“Leafs in Four” (And Other Bedtime Lies)
In bars across Toronto, Leaf fans were louder than ever. “Sens? Sens?! We’re going to steamroll them,” they shouted between pints, blue jerseys stretched proudly over bellies of hope and delusion. Every conversation started with “This is our year,” and ended with someone yelling, “Leafs in four!” while spilling their Molson.
On Twitter, the bravado was nuclear. GIFs of Alfredsson crying, memes of choking emojis photoshopped onto Senators helmets, and declarations that this was finally the year they got past the first round again. “Matthews is dialled in. Marner’s cooking. Tavares is… well, he’s Tavares. Sens don’t stand a chance.”
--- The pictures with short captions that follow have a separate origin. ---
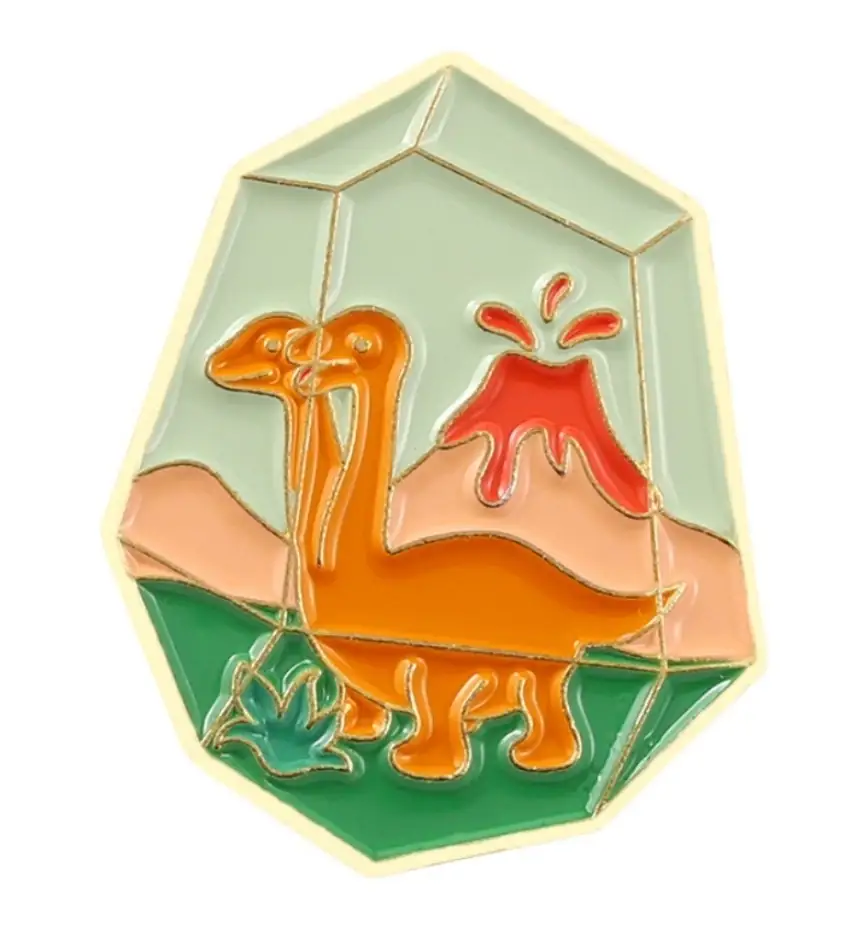 Dinosaurios 4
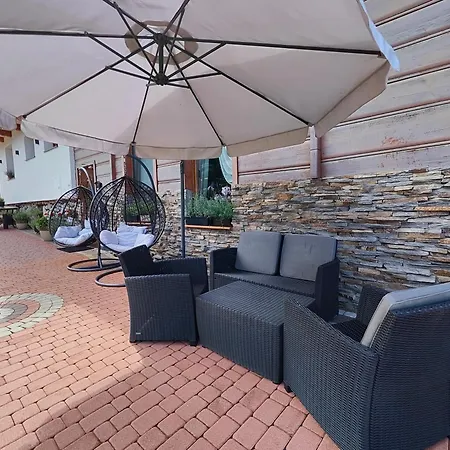 Accommodatie bij particulieren Kucowka Brzegi (Tatra)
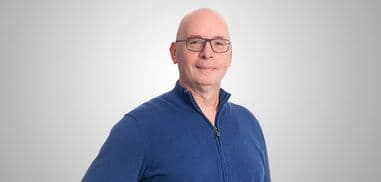Roel Beuting - Sr. Purchaser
But when the sun went down, and the bravado quieted, a different story unfolded across the city.
Behind every front door was a scene eerily familiar: a grown adult climbing into bed with a matching set of Leafs pajamas, pulling up crisp blue-and-white bed sheets featuring cartoon versions of Wendel Clark and Dougie Gilmour. A plush Carlton the Bear stared silently from the dresser. The fan would lie there, eyes wide open, a Tavares jersey clutched like a comfort blanket.
The silence was thick. Then came the thoughts.
“What if Brady scores a hat trick?”
“What if Stützle makes Rielly look like a pylon again?”
“Wasn’t Ullmark pretty good in Boston?”
“What if… we lose. Again.”
The cold sweats followed. The fan flipped the pillow. Then the blanket. Nothing worked. Even the glow-in-the-dark Leafs nightlight couldn’t fight the darkness creeping in.
The next morning, they'd wake up, put on their Mitch Marner socks, and shout “Leafs in four!” with a voice that cracked just a little. The cycle would continue.
And somewhere in Ottawa, a Sens fan smiled.